Was that the beginning? No doubt. There was no more summer time tree-climbing fun for me. Even a step stool in the kitchen was too much, I was terrified to attempt getting something off a cabinet shelf. A full fledged panic attack would ensue, although no-one called it that in those days. I knew, I just knew, I would fall, break my neck and die.

As a teenager and young adult the fear was manageable, simply because I never climbed a kitchen step stool or anything else, for any reason. Making use of lower kitchen and bathroom shelves was reasonable; they were reachable. Upper shelves were either empty or used by others in my family. Never me. Front door and back door house steps or school staircases weren’t fun, but they had sturdy hand rails!

I got married in 1961, had two children, and one day in the 1970’s a huge WWII cargo plane flew into our local airport and the public was invited to come take a look inside. Of course, we had to go see it!

And of course, I discovered that to see inside the cockpit and cargo compartment, you had to ascend a very tall, tall ladder. I stared a long time at that plane, my excited kids raring to go. I got in line with them (and half of Florence, it seemed) and when it came our turn, I stepped up one rung — and froze.

Cold sweat. Pounding pulse. Shortness of breath. I just couldn’t do it.

I let my husband and the kids go ahead and I backed up. Way, way back, behind the crowd where I turned my back to the people, embarrassed for anyone to look at my face. Eventually my family found me, we went home and that was that.

Standing in my living room, my husband said mockingly, “How do you plan to get to heaven?” I couldn’t answer him. Tears running down my cheeks, I knew something had to give.

I had been a Christian for years. I’d re-dedicated my life to the Lord in 1972. I’d been delivered from one horrible fear that same year.  How could this be happening? I knew the scriptures (2 Timothy 1:7); I knew that believers just weren’t supposed to be afraid like this. And so that night I prayed. And prayed. I fell asleep praying.

When I awoke I really didn’t feel any different, but I took the Lord at his word and chose to believe that this tormenting, humiliating fear of heights was gone — just like the fear of their faces had gone, a year earlier.

A few days after that, a friend’s husband called — “Bette, I just got qualified on a larger plane, you want to come take a ride around Florence?” Bob, a member of the local CAP, was inviting several friends to take a short plane ride around town and wanted to include me. He knew nothing of my fear, didn’t know my spiritual teeth were gritted as I said, Sure, I’d love to. I was saying to God, we’re going to find out if prayer works or not!

I had no problem climbing into the plane, it was only ground level. Two friends climbed into rear seats, a dad and his little boy. Bob checked to be sure we were all buckled in tight, took the pilot’s seat and began the plane’s slow trek to the outer runway. The engine revved up, zoom down the runway we went and up, up into the air!

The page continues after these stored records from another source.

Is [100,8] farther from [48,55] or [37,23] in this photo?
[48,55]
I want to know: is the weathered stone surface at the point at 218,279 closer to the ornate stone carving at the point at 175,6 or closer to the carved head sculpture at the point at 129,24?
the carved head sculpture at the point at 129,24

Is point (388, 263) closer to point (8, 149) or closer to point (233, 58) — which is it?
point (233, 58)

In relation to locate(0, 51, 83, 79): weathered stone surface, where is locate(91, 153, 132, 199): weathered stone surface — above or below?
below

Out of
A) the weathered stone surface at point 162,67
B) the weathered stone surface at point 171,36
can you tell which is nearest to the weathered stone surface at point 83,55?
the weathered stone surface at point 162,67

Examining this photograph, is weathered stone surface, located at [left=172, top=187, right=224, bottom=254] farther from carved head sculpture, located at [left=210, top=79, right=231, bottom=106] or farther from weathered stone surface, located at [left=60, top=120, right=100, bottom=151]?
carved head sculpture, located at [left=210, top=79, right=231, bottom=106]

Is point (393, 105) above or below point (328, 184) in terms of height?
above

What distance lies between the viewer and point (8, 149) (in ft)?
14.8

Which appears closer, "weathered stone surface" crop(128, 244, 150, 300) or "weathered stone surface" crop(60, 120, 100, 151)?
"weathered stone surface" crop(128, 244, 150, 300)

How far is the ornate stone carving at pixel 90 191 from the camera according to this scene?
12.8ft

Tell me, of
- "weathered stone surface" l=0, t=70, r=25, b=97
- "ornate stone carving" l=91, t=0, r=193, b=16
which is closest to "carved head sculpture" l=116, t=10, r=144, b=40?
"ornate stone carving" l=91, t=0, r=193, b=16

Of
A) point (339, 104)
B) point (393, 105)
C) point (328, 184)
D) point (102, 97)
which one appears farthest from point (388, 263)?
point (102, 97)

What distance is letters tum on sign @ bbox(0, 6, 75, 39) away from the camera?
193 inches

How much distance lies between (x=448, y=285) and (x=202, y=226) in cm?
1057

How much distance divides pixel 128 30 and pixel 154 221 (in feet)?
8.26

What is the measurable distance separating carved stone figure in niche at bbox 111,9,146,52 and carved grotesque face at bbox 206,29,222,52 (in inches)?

We weren’t far off the ground when my door popped open. I could see beautiful blue sky, but fear didn’t grip me! This is interesting, I thought – no fear! Bob just pushed the door further out, then slammed it shut good. We enjoyed ten or fifteen minutes touring around our town and the outskirts, Bob pointing out what we were looking at. Things look a lot different from overhead, we discovered. Nobody knew what I was thinking, thanking and praising the Lord — no nervous twinges, no nothing.

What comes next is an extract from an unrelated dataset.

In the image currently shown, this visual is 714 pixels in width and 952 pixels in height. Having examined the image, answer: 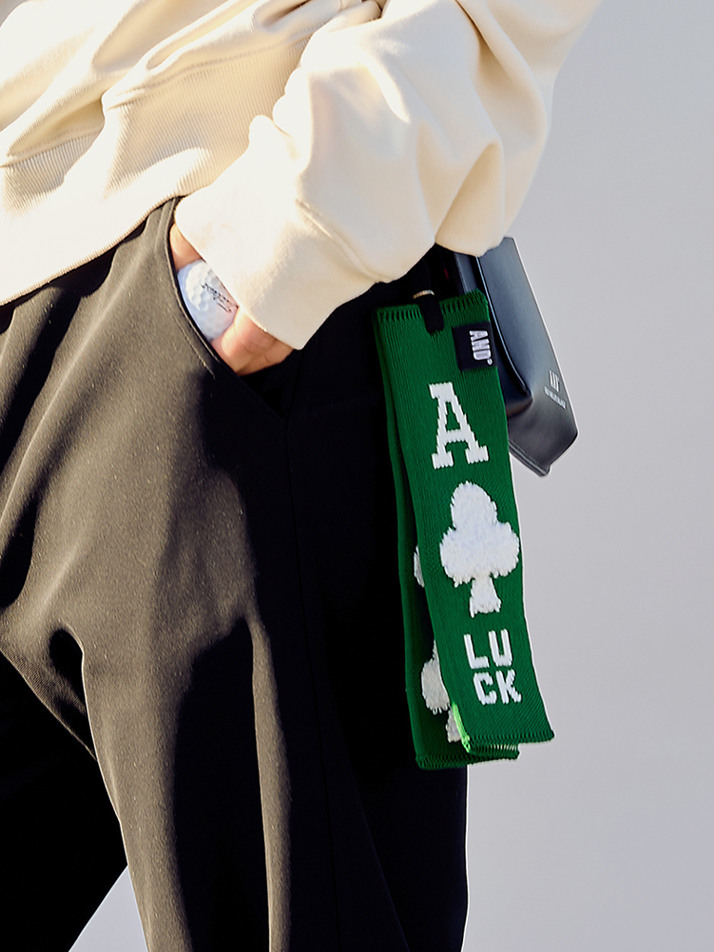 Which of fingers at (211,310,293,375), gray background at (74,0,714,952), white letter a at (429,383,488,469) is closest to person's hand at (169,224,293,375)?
fingers at (211,310,293,375)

We were a bit sorry when it was time to come back to earth. Bob chatted with the control tower, got a few instructions and down to the runway we came. And bounced. The plane bounced up off the tarmac quite a few feet, and Bob headed the plane further up; we would have to circle the airport and try again.

My friend and his son in the back seat had become pretty quiet. Bob was talking with the control tower again and I was thinking, Wow, that was something. Wow! But no fear, no nervous twinges, I had only a bit of excitement at my own mental state — I had indeed been delivered of fear, once again!

The second try at landing was smooth and uneventful, we all thanked Bob profusely for the ride, the landing adventure, and especially we thanked the Lord for keeping us all safe!

Not long afterward my church asked me to chaperone a group of teenagers on a Carowinds trip. The excited, laughing teens wanted me to join them on all the tall rides and roller coasters — something I’d never, ever been able to do before. But I did it, over, and over that day. It was wonderful.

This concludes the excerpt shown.